The very fact that Jesus was crucified is evidence that he was a political revolutionary. “Crucifixion under the Roman Imperium was the punishment for treason, for sedition, for insurrection and rebellion, for crimes against the state,” Aslan says. “There was no other crime for which you could be crucified.” And that, he argues, is enough to tell us that Christ was not, as some Christians argue, only concerned with things beyond this world.
Any claim to being the Messiah was a treasonable offense. The claim itself challenged the Roman Empire and the Romans met such claims with overwhelming force. They massacred hundreds, perhaps thousands of Jews in first century Palestine, razed the Jerusalem and destroyed the Temple in 70 C.E. to crush the political rebellion of the Jews.

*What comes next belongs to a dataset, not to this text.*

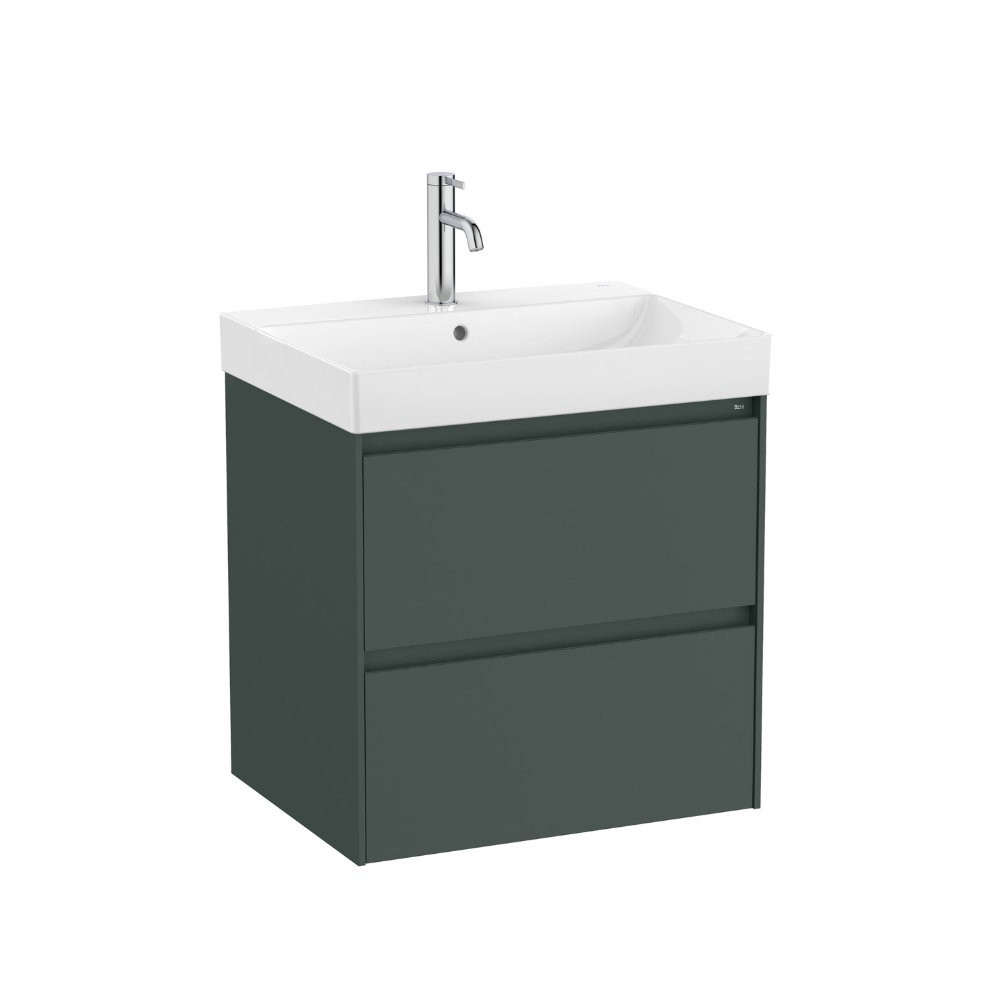 Cut Out Image of Roca Ona 600mm x 460mm Matt Green Wall Hung Vanity Unit & Basin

And part of the explanation for the legacy of Christianity lies in that Roman attack. The earliest Christians, particularly St. Paul, sought to take the political message out of Jesus life. They excised any claims of earthly power or apocalyptic endings to Roman rule and instead remade Jesus as a figure concerned exclusively with the next world. Doing so, Aslan argues, makes Jesus much less than he was in life.